What size is that correlation?

What size is that correlation?

This article is related to Chapter 6 of Probably Overthinking It, which is available for preorder now. It is also related to a new course at Brilliant.org, Explaining Variation.

Suppose you find a correlation of 0.36. How would you characterize it? I posed this question to the stalwart few still floating on the wreckage of Twitter, and here are the responses.

It seems like there is no agreement about whether 0.36 is small, medium, or large. In the replies, nearly everyone said it depends on the context, and of course that’s true. But there are two things they might mean, and I only agree with one of them:

  • In different areas of research, you typically find correlations in difference ranges, so what’s “small” in one field might be “large” in another.
  • It depends on the goal of the project — that is, what you are trying to predict, explain, or decide.

The first interpretation is widely accepted in the social sciences. For example, this highly-cited paper proposes as a guideline that, “an effect-size r of .30 indicates an effect that is large and potentially powerful in both the short and the long run.” This guideline is offered in light of “the average sizes of effects in the published literature of social and personality psychology.”

I don’t think that’s a good argument. If you study mice, and you find a large mouse, that doesn’t mean you found an elephant.

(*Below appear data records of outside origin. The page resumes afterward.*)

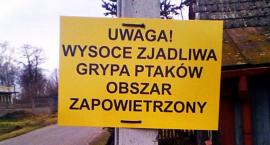 Ptasia Grypa w Skaratkach w gminie Domaniewice!!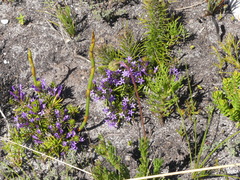 Merciera azurea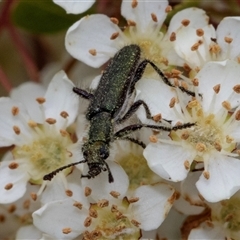 Eleale aspera (Clerid beetle) at Nicholls, ACT - 1 Nov 2024 by AlisonMilton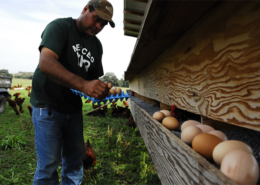 collecting eggs at Burroughs Family Farms
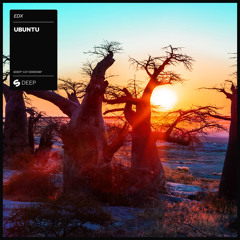 Ubuntu (Tribal Mix)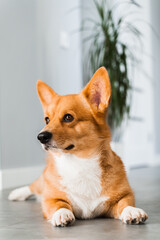 Happy dog Welsh Corgi Pembroke is sitting on the floor at home and smile. Lifestyle with domestic pet.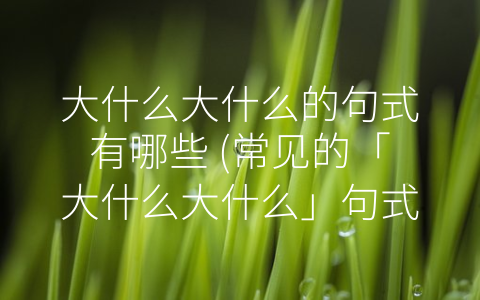 大什么大什么的句式有哪些 (常见的「大什么大什么」句式解析)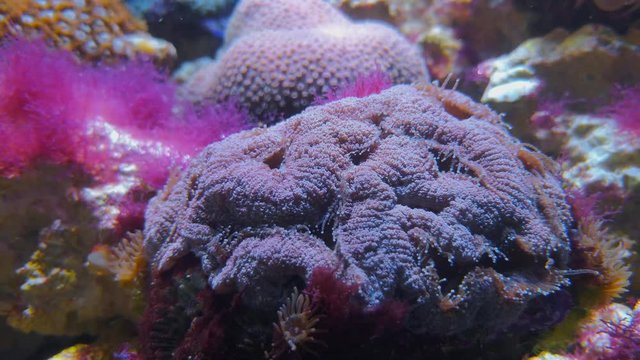 Plate coral ecosia, coral reefs underwater world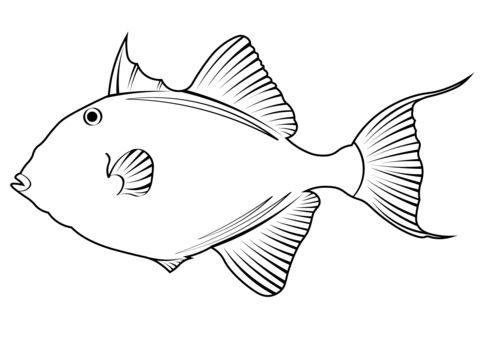 Grey Triggerfish (Balistes Capriscus) Coloring Page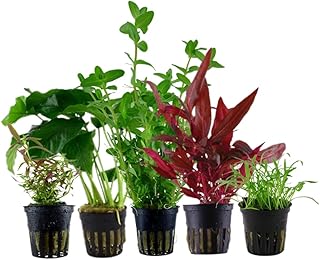 AquaOne Aquarium Pflanzen I 5X Wasserpflanzen I Einsteiger Aquarienpflanzen I Bacopa Lilaeopsis A…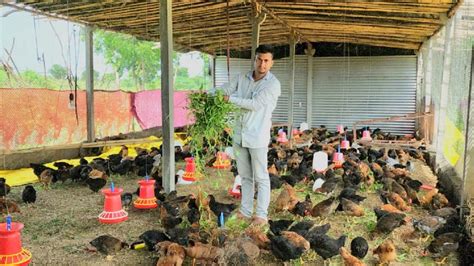 Ajay desi farming & hatchery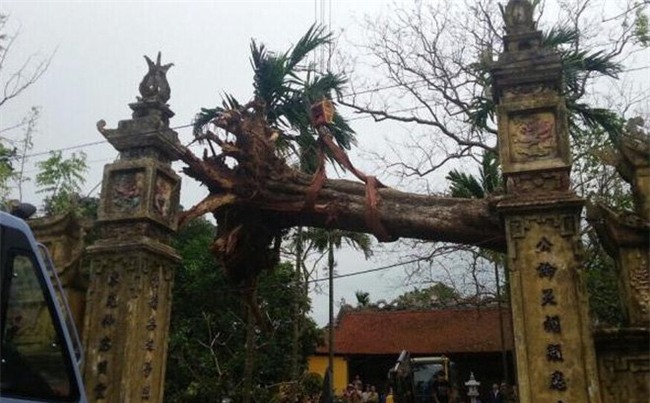 cây sưa, gỗ sưa, cây sưa 50 tỷ, cây sưa ở Bắc Ninh, Bắc Ninh, cây sưa 200 năm tuổi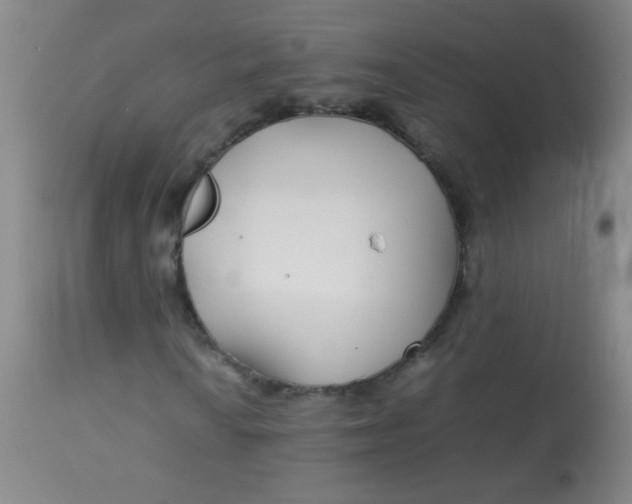 X0000113621010200910091526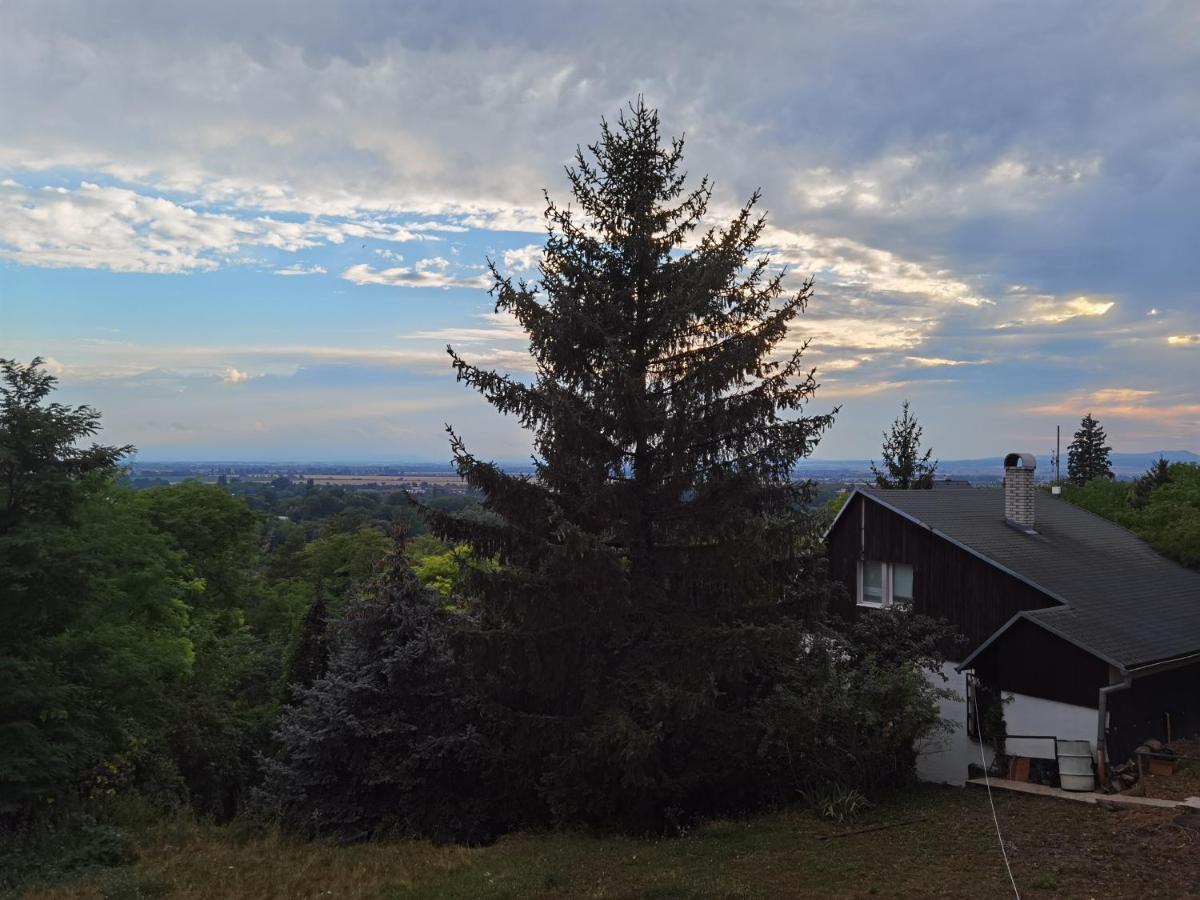 Apartament Sunset House Piestany Cervena Veza Banka Zewnętrze zdjęcie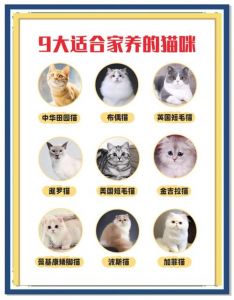 蓝猫美短布偶短腿猫（什么猫聪明听话又好养）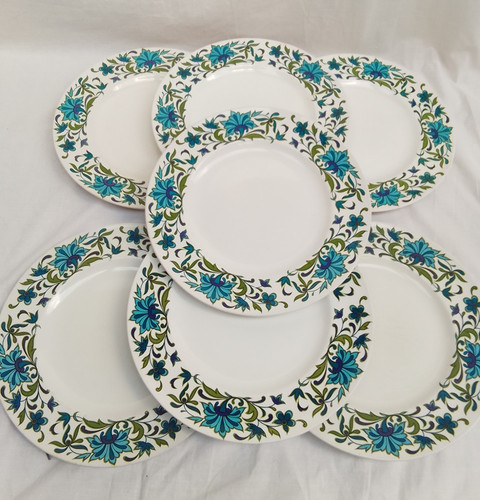 Midwinter spanish garden - -,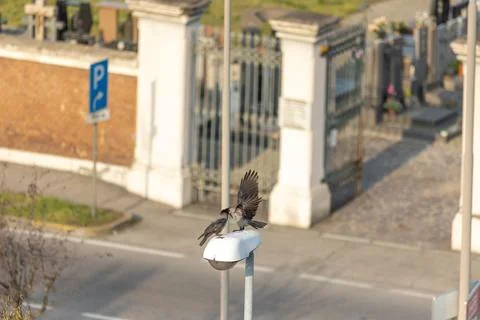 Hooded crow Stock Photos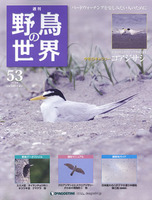 週刊野鳥の世界　第53号　コアジサシ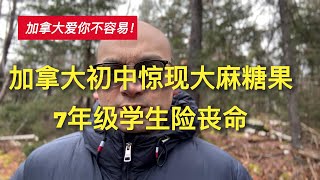 加拿大初中惊现大麻糖果，七年级学童险丧命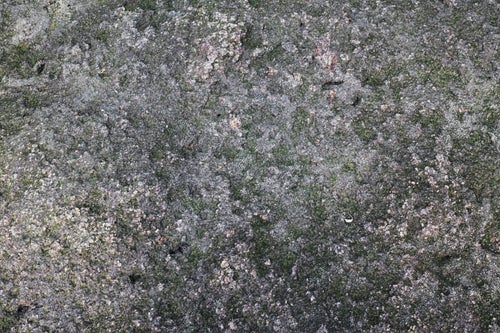 苔生す岩の表面の写真
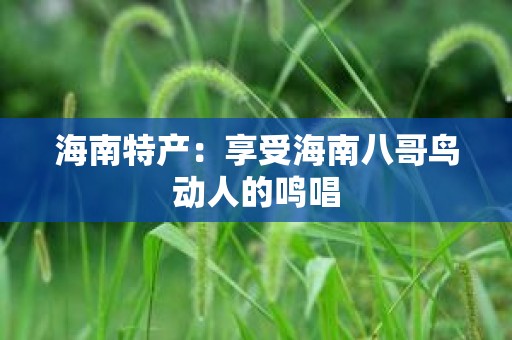 海南特产：享受海南八哥鸟动人的鸣唱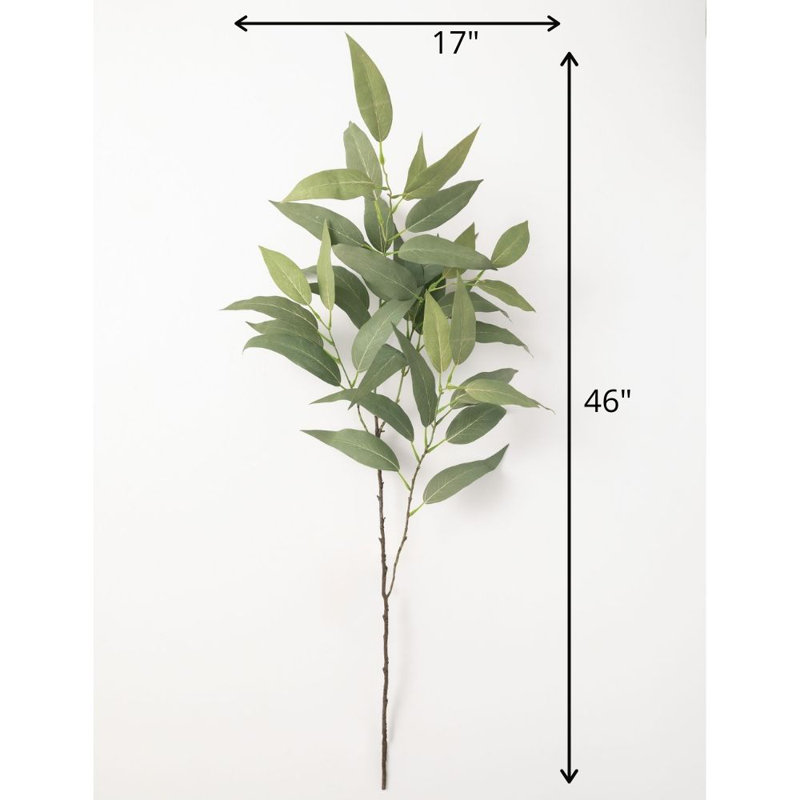 Eucalyptus Spray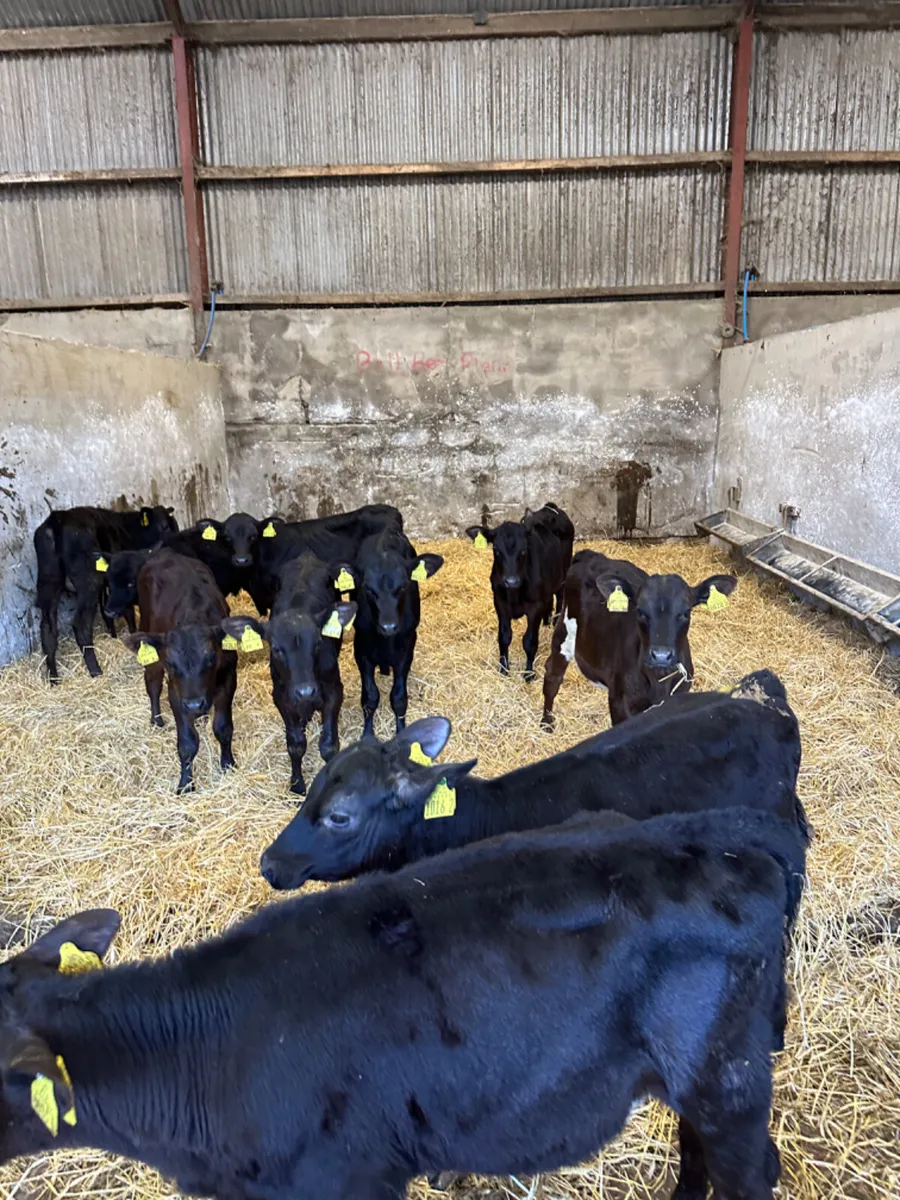 Reared Angus heifers - Image 3
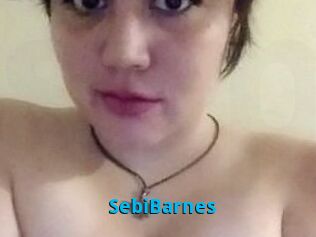 Sebi_Barnes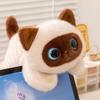 20/40 см Плюшевая игрушка Кошка с большими глазами Плюшевая кукла котенок Питомец Высокое качество Изысканная кошка Мягкая удобная подушка Подарок на день рождения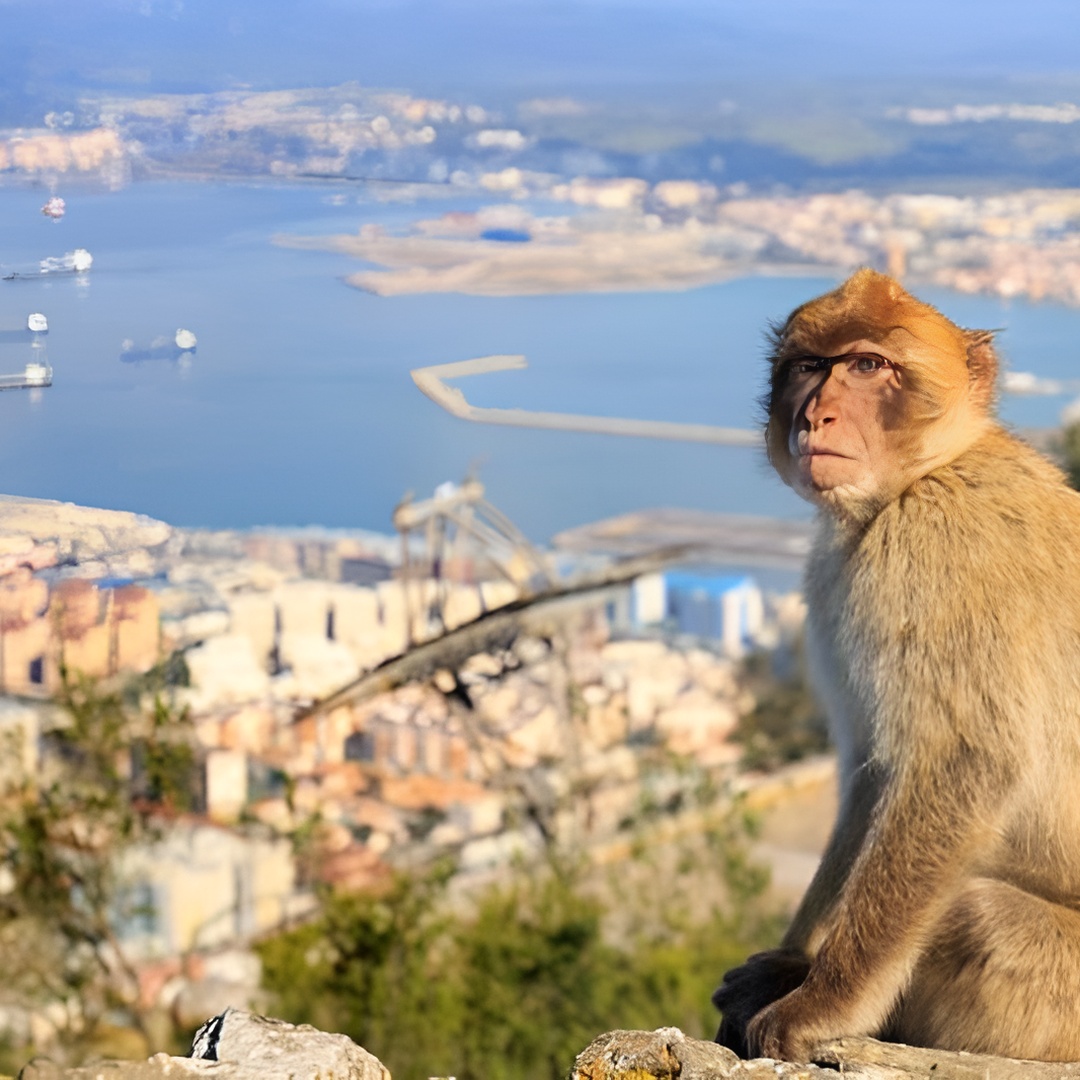 Tours exclusivos privados desde Málaga y Marbella a Gibraltar en Málaga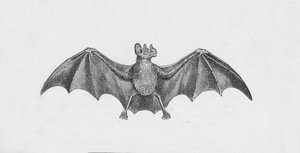 Vampire Bat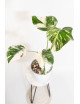 Monstera deliciosa variegata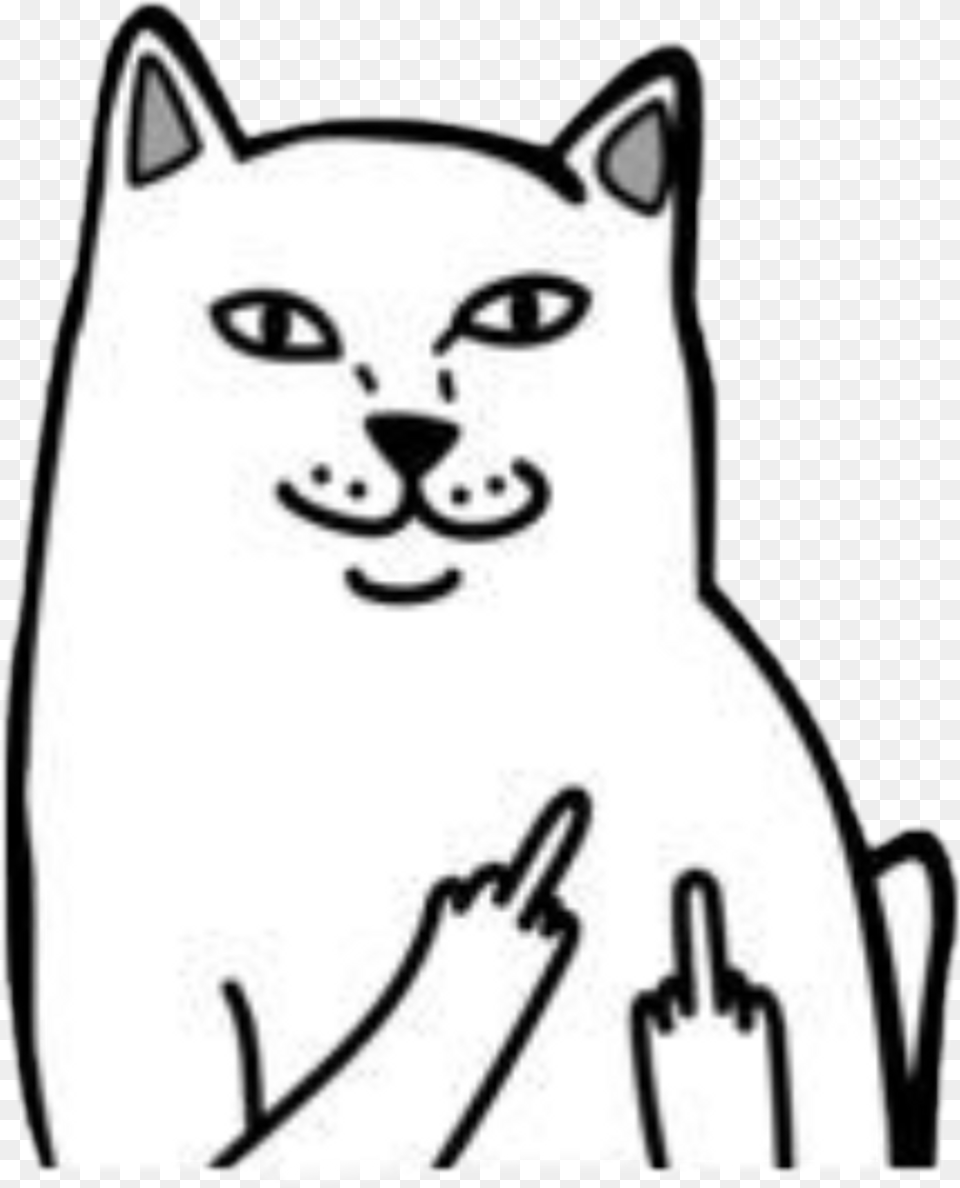 Cat Fuck Hand Sticker White Black Aesthetic Transparent Cat Middle Finger, Baby, Person, Animal, Mammal Png Image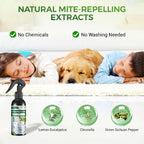 Arenzza Power Insect Repellent spray bottle used for mosquito and fly control in home and garden, with a spray nozzle and label visible.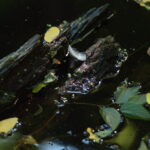 2.8/135mm Sonnar Carl Zeiss MM Contax-4895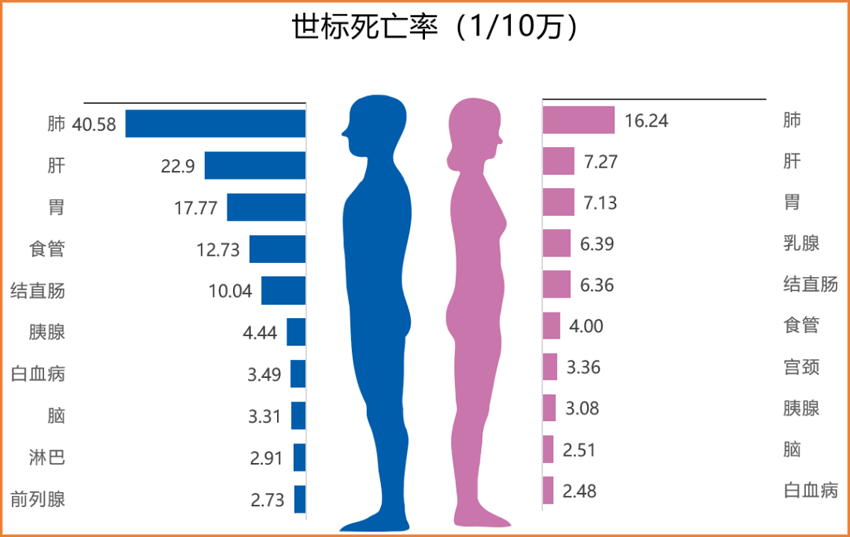 最新死亡率數(shù)據(jù)背后的溫情故事揭秘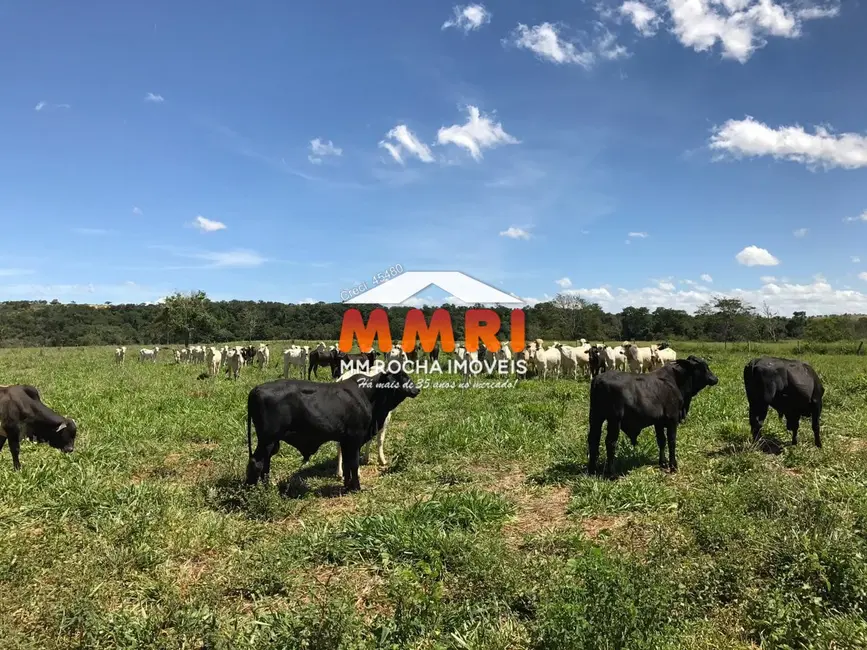 Foto 3 de Fazenda / Haras à venda, 882m2 em Bom Despacho - MG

But the same paper offers what I think is better advice: “Report effect sizes in terms that are
meaningful in context”. So let’s do that.

What is the context?

I asked about r = 0.36 because that’s the correlation between general mental ability (g) and the general factor of personality (GFP) reported in this paper, which reports meta-analyses of correlations between a large number of cognitive abilities and personality traits.

Now, for purposes of this discussion, you don’t have to believe that g and GFP are valid measures of stable characteristics. Let’s assume that they are — if you are willing to play along — just long enough to ask: if the correlation between them is 0.36, what does that mean?

I propose that the answer depends on whether we are trying to make a prediction, explain a phenomenon, or make decisions that have consequences. Let’s take those in turn.

Prediction

Thinking about correlation in terms of predictive value, let’s assume that we can measure both g and GFP precisely, and that both are expressed as standardized scores with mean 0 and standard deviation 1. If the correlation between them is 0.36, and we know that someone has g=1 (one standard deviation above the mean), we expect them to have GFP=0.36 (0.36 standard deviations above the mean), on average.

In terms of percentiles, someone with g=1 is in the 84th percentile, and we would expect their GFP to be in the 64th percentile. So in that sense, g conveys some information about GFP, but not much.

To quantify predictive accuracy, we have several metrics to choose from — I’ll use mean absolute error (MAE) because I think is the most interpretable metric of accuracy for a continuous variable. In this scenario, if we know g exactly, and use it to predict GFP, the MAE is 0.75, which means that we expect to be off by 0.75 standard deviations, on average.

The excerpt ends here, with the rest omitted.